2100 words
Introduction
One of the first critics of IQ tests after they were brought to America and used by the US army was journalist Walter Lippmann. Lippmann was very prescient with some of his argumentation against IQ, making similar anti-measurement arguments to anti-IQ-ists today. Although he was arguing against the “army intelligence tests” (the alpha and beta along with the Stanford-Binet), his criticisms hold even today and for any so-called IQ test since they are “validated” on their agreement with other tests (that weren’t themselves validated). He rightly noted that the test items are chosen arbitrarily (and that the questions chosen reflected the test constructor’s biases), and that the test isn’t a measure at all but a sorter of sorts, which in effect classifies people. This is similar to what Garrison (2009) argued in his book A Measure of Failure. He also argued that “IQ” isn’t like length or weight, which is what Midgley (2018) argued and also what Haier (2014, 2018) stated about IQ test scores—they are not like inches, liters, or grams.
Lippmann’s critique of IQ
Lippmann got it right in one major way—he stated that IQ tests results give the illusion of measurement because the results “are expressed in numbers.” However, measurement is much more complex than that—there needs to be a specified measured object, object of measurement and measurement unit for X to be a measure, and if there isn’t then X isn’t a measure. Lippmann stated that Terman couldn’t demonstrate that he was “measuring intelligence” (McNutt, 2013: 10).
Because the results are expressed in numbers, it is easy to make the mistake of thinking that the intelligence test is a measure like a foot rule or a pair of scales. It is, of course, a quite different sort of measure. For length and weight are qualities which men have learned how to isolate no matter whether they are found in an army of soldiers, a heap of bricks, or a collection of chlorine molecules. Provided the footrule and the scales agree with the arbitrarily accepted standard foot and standard pound in the Bureau of Standards at Washington they can be used with confidence. But “intelligence” is not an abstraction like length and weight; it is an exceedingly complicated notion which nobody has as yet succeeded in defining.
He then invents puzzles which can be employed quickly and with little apparatus, that will according to his best guess test memory, ingenuity, definition and the rest. He gives these puzzles to a mixed group of children and sees how children of different ages answer them. Whenever he finds a puzzles that, say, sixty percent of the twelve year old children can do, and twenty percent of the eleven year olds, he adopts that test for the twelve year olds. By a great deal of fitting he gradually works out a series of problems for each age group which sixty percent of his children can pass, twenty percent cannot pass and, say, twenty percent of the children one year younger can also pass.
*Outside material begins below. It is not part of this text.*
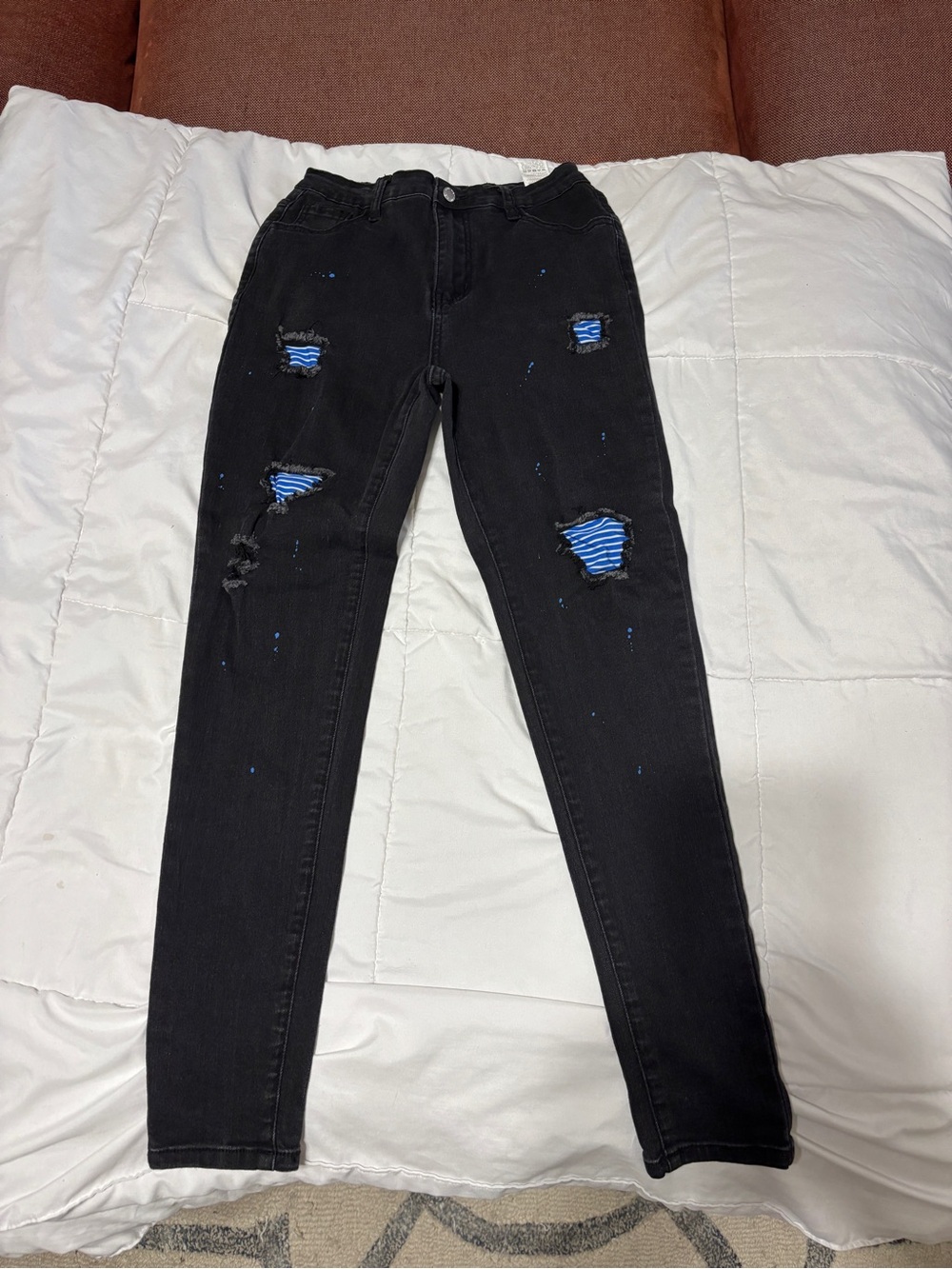 SHEIN Black Ripped Jeans with Blue Striped Knee Patches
By this method he has arrived under the Stanford-Binet system at a conclusion of this sort: Sixty percent of children twelve years old should be able to define three out of the five words: pity, revenge, charity, envy, justice. According to Professor Terman’s instructions, a child passes this test if he says that “pity” is “to be sorry for some one”; the child fails if he says “to help” or “mercy.” A correct definition of “justice” is as follows: “It’s what you get when you go to court”; an incorrect definition is “to be honest.”
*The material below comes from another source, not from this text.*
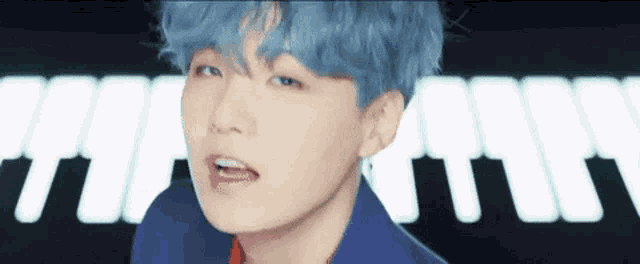 a close up of a person with blue hair .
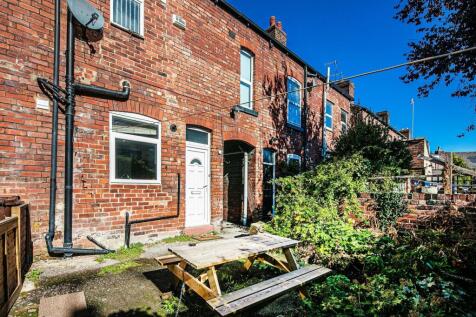 Sunny rear yard of a traditional red-brick terr...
A mental test, then is established in this way: The tester himself guesses at a large number of tests which he hopes and believes are tests of intelligence. Among these tests those finally are adopted by him which sixty percent of the children under his observation can pass. The children whom the tester is studying select his tests.
…
What then do the tests accomplish? I think we can answer this question best by starting with an illustration. Suppose you wished to judge all the pebbles in a large pile of gravel for the purpose of separating them into three piles, the first to contain the extraordinary pebbles, the second normal pebbles, and the third the insignificant pebbles. You have no scales. You first separate from the pile a much smaller pile and pick out one pebble which you guess is the average. You hold it in your left hand and pick up another pebble in your right hand. The right pebble feels heavier. You pick up another pebble. It feels lighter. You pick up a third. It feels still lighter. A fourth feels heavier than the first. By this method you can arrange all the pebbles from the smaller pile in a series running from the lightest to the heaviest. You thereupon call the middle pebble the standard pebble, and with it as a measure you determine whether any pebble in the larger pile is sub-normal, a normal or a supernormal pebble.
This is just about what the intelligence test does. It does not weigh or measure intelligence by any objective standard. It simply arranges a group of people in a series from best to worst by balancing their capacity to do certain arbitrarily selected puzzles, against the capacity of all the others. The intelligence test, in other words, is fundamentally an instrument for classifying a group of people. It may also be an instrument for measuring their intelligence, but of that we cannot be at all sure unless we believe that M. Binet and Mr. Terman and a few other psychologists have guessed correctly but, as we shall see later, the proof is not yet at hand.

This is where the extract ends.